O coronel Pat Ryde, do Comando Central militar dos EUA, disse que o número de crianças-soldados – alguns com idade de 10 anos – vem crescendo cada vez mais, e que alguns deles estão inclusive matando prisioneiros.

“Nós estamos vendo essa tendência crescer já há algum tempo. Através de recrutamento forçado, buscam crianças ainda com 10 anos para lutar”, disse Ryder, chamando a prática de “obviamente nojenta e ilegal em todas os sentidos”.
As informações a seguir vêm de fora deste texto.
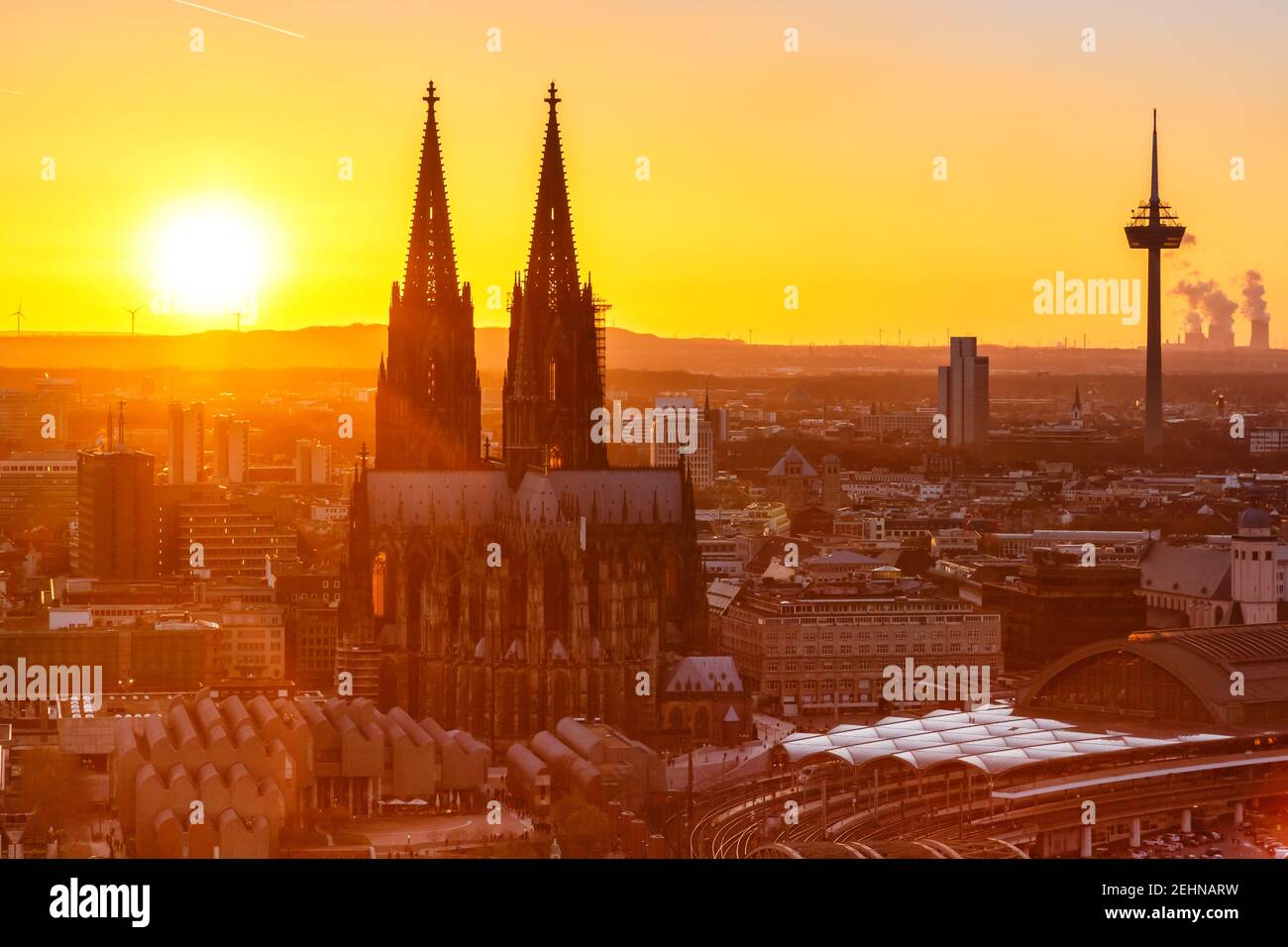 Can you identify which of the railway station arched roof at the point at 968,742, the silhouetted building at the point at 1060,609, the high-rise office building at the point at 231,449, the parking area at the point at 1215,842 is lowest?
the parking area at the point at 1215,842

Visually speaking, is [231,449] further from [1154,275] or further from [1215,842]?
[1215,842]

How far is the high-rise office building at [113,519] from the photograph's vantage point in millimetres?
59469

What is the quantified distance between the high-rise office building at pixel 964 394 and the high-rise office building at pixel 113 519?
887 inches

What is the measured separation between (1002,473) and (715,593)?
3083 centimetres

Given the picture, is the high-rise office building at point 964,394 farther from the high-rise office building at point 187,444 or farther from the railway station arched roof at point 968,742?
the high-rise office building at point 187,444

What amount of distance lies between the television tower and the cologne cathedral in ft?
40.6

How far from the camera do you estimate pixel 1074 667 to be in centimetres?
4012

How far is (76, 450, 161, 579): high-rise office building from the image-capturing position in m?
59.5

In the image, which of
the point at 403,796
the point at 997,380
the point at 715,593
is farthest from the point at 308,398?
the point at 403,796

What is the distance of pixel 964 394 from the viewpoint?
73.0 meters

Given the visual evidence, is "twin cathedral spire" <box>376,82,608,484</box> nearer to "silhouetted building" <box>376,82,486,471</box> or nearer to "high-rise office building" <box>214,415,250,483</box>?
"silhouetted building" <box>376,82,486,471</box>

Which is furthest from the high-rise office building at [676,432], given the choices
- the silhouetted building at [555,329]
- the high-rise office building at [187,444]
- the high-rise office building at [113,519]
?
the silhouetted building at [555,329]

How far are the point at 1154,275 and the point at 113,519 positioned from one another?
2899 cm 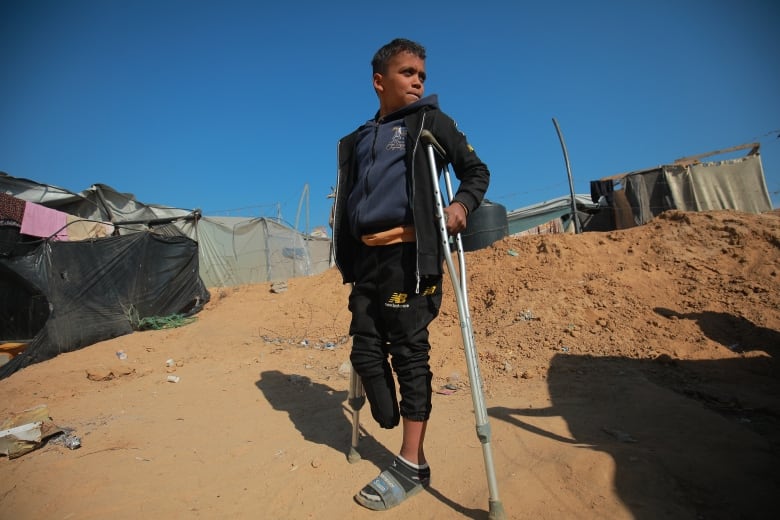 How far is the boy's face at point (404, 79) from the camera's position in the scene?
2043 mm

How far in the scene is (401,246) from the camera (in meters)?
1.88

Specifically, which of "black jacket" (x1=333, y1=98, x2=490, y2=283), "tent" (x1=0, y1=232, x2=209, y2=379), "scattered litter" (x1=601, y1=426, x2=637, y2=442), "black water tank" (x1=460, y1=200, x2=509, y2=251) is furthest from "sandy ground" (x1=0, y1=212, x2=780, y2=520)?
"black water tank" (x1=460, y1=200, x2=509, y2=251)

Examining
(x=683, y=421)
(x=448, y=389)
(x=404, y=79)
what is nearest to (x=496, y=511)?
(x=683, y=421)

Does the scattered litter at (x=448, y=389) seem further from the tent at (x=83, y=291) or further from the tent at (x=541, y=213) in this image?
the tent at (x=541, y=213)

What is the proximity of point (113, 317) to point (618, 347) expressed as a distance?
7.37m

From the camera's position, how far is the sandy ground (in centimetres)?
163

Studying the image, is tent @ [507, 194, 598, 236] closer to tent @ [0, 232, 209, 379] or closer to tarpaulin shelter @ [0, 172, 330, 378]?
tarpaulin shelter @ [0, 172, 330, 378]

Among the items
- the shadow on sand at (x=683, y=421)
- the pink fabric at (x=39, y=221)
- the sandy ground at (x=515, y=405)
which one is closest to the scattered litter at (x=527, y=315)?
the sandy ground at (x=515, y=405)

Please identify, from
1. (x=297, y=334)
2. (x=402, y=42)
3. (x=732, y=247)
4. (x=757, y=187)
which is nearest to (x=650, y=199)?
(x=757, y=187)

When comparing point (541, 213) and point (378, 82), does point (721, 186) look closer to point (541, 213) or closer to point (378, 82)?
point (541, 213)

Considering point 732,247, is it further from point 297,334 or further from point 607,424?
point 297,334

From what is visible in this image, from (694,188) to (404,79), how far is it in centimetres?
1079

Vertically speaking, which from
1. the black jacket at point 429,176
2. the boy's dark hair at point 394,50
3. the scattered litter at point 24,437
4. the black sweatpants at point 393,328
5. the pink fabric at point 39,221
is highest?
the pink fabric at point 39,221

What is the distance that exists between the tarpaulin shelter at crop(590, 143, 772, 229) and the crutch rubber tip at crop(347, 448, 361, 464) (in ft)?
35.7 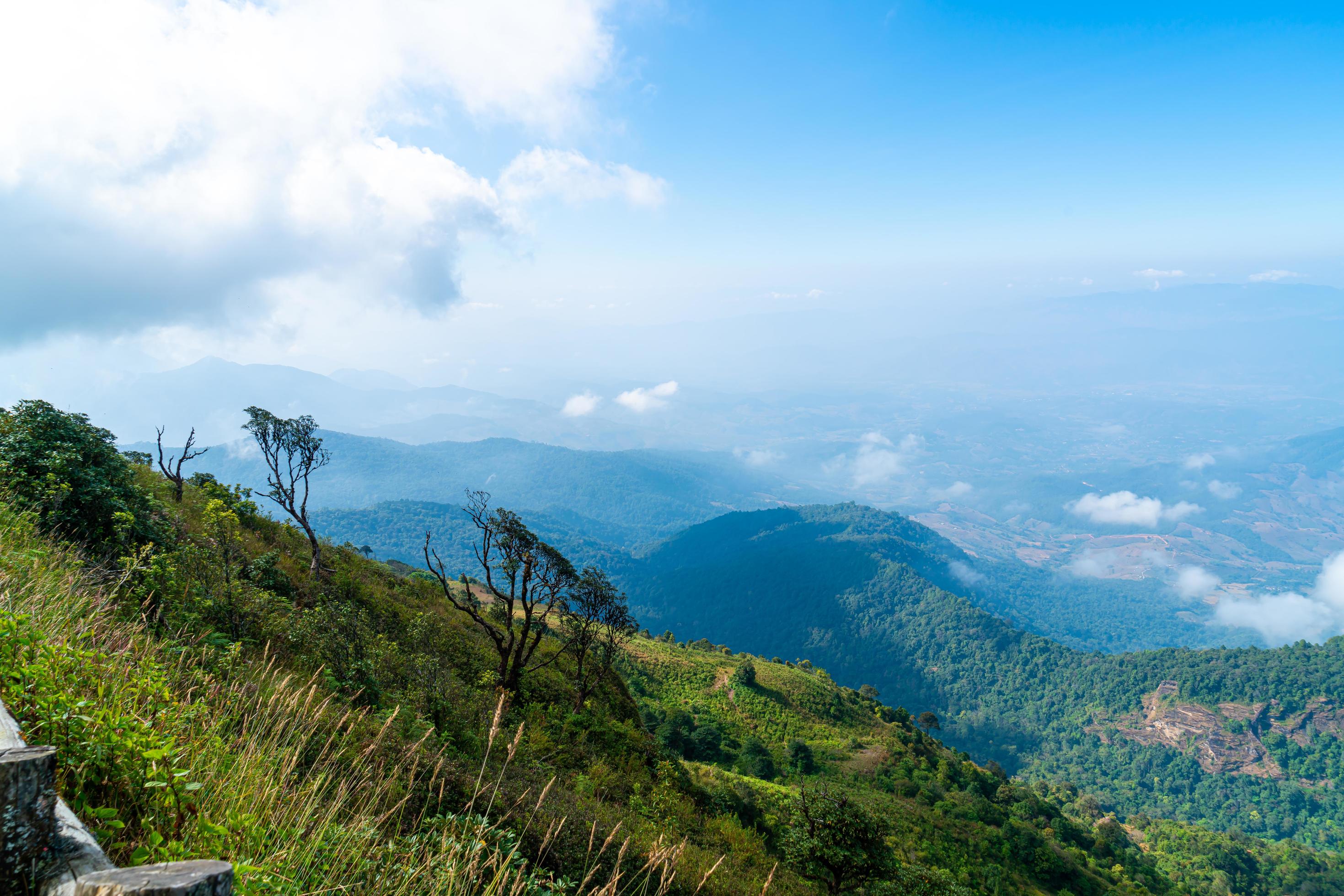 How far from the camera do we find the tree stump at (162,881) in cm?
138

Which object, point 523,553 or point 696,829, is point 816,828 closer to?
point 696,829

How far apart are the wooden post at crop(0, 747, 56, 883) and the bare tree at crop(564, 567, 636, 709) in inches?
621

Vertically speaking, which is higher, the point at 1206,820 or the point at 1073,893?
the point at 1073,893

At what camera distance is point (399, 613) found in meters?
17.0

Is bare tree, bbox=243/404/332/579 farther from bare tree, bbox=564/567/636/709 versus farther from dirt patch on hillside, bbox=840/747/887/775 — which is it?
dirt patch on hillside, bbox=840/747/887/775

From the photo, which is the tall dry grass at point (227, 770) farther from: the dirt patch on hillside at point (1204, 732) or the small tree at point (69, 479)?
the dirt patch on hillside at point (1204, 732)

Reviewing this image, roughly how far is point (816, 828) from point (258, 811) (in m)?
14.9

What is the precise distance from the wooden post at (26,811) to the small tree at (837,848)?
52.4 ft

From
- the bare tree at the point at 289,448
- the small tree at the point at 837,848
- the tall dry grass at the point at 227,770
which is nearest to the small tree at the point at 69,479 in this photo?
the tall dry grass at the point at 227,770

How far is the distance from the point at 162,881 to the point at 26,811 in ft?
1.75

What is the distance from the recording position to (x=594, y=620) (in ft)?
59.9

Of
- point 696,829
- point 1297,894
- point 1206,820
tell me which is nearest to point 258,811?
point 696,829

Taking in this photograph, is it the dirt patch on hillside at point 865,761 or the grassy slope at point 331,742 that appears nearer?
the grassy slope at point 331,742

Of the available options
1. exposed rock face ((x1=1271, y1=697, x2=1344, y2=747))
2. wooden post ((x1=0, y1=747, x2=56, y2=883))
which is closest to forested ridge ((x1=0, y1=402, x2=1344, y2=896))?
wooden post ((x1=0, y1=747, x2=56, y2=883)) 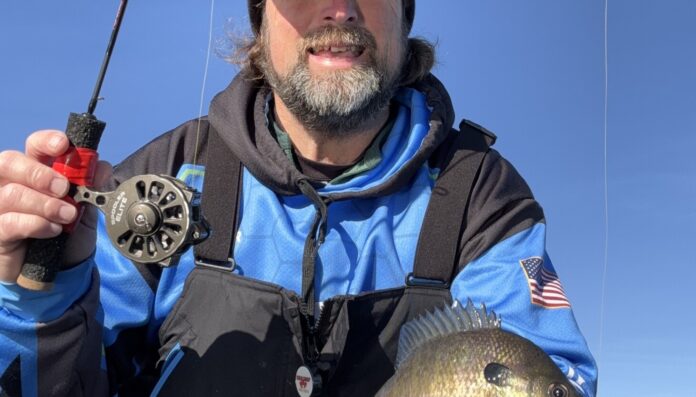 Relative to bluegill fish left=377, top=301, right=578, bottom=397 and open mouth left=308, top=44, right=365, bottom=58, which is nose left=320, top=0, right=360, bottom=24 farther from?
bluegill fish left=377, top=301, right=578, bottom=397

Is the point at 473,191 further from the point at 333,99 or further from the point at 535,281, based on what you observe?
the point at 333,99

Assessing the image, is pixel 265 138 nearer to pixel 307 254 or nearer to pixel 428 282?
pixel 307 254

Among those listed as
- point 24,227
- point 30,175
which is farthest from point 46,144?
point 24,227

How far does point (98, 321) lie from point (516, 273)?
2.13 metres

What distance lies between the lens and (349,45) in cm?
445

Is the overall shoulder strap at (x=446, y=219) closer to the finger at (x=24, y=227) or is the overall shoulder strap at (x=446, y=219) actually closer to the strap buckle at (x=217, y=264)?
the strap buckle at (x=217, y=264)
“Isso indica o quanto eles precisam substituir suas perdas ocasionadas nos campos de batalha”, disse.

O exército americano não publicou uma contagem oficial de mortes inimigas – tendo sido criticado durante a Guerra do Vietnã pela utilização de “contagem de corpos” como um progresso métrico – durante sua liderança na coalizão internacional, em que realiza ataques aéreos contra combatentes do grupo EI no Iraque e na Síria.

No entanto, as estimativas do Pentágono sugerem que o número de extremistas mortos esteja entre 23 e 33 mil.

Os comentários de Ryder são anunciados um dia depois da divulgação pelo EI de um vídeo que mostra seis de suas crianças-soldados matando oficiais capturados das forças de segurança da Síria.

Quando são chamados por seu instrutor a “enviar uma mensagem” para os opositores do grupo Estado Islâmico, cinco deles atiram e matam os homens sírios, enquanto o sexto corta a garganta de outro prisioneiro.

O vídeo, intitulado “Para os Filhos de Judeus”, também mostra dezenas de meninos estudando textos religiosos e aprendendo a lutar sem armas. Através de um programa que eles chamam “Filhotes do Califado”, o grupo EI providencia treinamento militar e religioso intensivos para crianças das áreas que controla.

Apesar de crianças-soldados terem sido usadas antes para cuidar de pontos de verificação ou fazer a guarda da inteligência, o grupo começou a usá-los de forma crescente para executar prisioneiros.

“É apenas doentio”, disse Ryder.

Questionado se a coalizão bombardearia intencionalmente esses meninos ou se a presença deles nos confrontos mudaria as regras militares em relação às ocasiões do uso de forças mortais, Ryder disse que tentaria evitar a morte de “qualquer pessoa inocente no campo de batalha”.

“Mas a realidade é que, se um combatente extremista está armado e atacando, então ele é um alvo militar legítimo”, afirmou.

O americano destacou que a “maioria esmagadora” de combatentes do grupo EI são “militares maiores de idade”.

Fonte: Yahoo!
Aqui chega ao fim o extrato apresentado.